His eyebrows rose. Cautious now, like a horse the first time in snow, not sure which way to step. “Ah?”
It was cool. Right in that spot, the air smelled fresh, like there hadn’t been any death around to spoil it. “Yes, sir. Sorry about that, sir. New regs and everything.”
So damned serious. It broke my heart. He’d caught the upper-class stuffiness of Dunston-Smith.
I said, “I’ll start it for you, sir. ‘Thou, that to human thought art nourishment.’ ”
He frowned.
I prodded him with another line. “ ‘Like darkness to a dying flame.’ ” Daylight was dying, too. And my smile along with it. He had to know
Hymn to Intellectual Beauty.
Hell, it was one of Shelley’s better-known works, not like
The Masque of Anarchy
or something. To be truthful, I always thought of it as Miller’s and my private anthem. I went on slow. “ ‘Depart not ...’ ”
A smile broke out all over him. It was like, for that instant, that the sun had pierced the clouds. “ ‘As thy shadow came!’ ”
“Doing good, sir. Just the couplet to go. “ ‘Depart not, lest the grave should be ...’ ”
“Password’s too bloody easy, Stanhope. ‘Like life and fear, a dark reality.’ ”
We stood in the mist grinning like a pair of fools. “Good to see you, Stanhope,” he said again, and this time he meant it. “You’re well, I take it?”
“You bet, sir.”
“And the sharpshooting from No Man’s Land suits you? Lieutenant Blackhall and I had quite a discussion about that. He’s a stickler for rules, you know. Sometimes it’s best to let subalterns have their head, if they don’t abuse the privilege.”
“I understand, sir. Everything’s fine.”
“Well.” He cleared his throat. His eyes went wandering the gray afternoon again. “Excellent totals, at any rate. Must buy you a dinner when we’re on leave. Perhaps a run at one of your tarts.” He was smiling when he said that, too; but there was a hint of condescension, too.

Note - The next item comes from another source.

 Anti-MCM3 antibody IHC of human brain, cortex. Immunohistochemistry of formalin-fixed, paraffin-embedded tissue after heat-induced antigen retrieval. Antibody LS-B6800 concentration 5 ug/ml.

It put me in my place. And it hurt, too, Bobby, if you want to know the truth. I’ve seen coloreds get that smile to them when they’re together and a white boy like me’s around—it’s like they share all kinds of secrets, or like suffering makes them better. Maybe it does.
About then Fritz decided to lob a few shells our way. A Jack Johnson landed toward the rear. Black smoke rose into the cool pewter day.
“Take you up sometime on that dinner, sir.”
We shook hands on it.
A whizzbang landed next—so close that we both ducked, and then we laughed. “Best find shelter, what?” He sounded sorry to be leaving.
We had an awkward time of it, squeezing past each other. The trench was tight. We went chest to chest, but he kept his hips best he could away from me. He’s a gentleman like that.
And when we were past each other and I had started away, I heard him call my name. I looked over my shoulder to see him smiling, there in the misty gloom, in the constriction of that trench.
“ ‘While yet a boy I sought for ghosts,’ isn’t it?”
The next line of verse. I’d forgotten. Jesus. How could I have? It sent a shudder through me. “Yes, sir. You’re right, sir.”
He nodded, tapped his cap with his stick. “Must have us a real challenge some day. A witness each to mark our shots and wipe our brows when we’re sweated. The English Romantic poets and fifty paces. Well. Ta-ta, Stanhope.”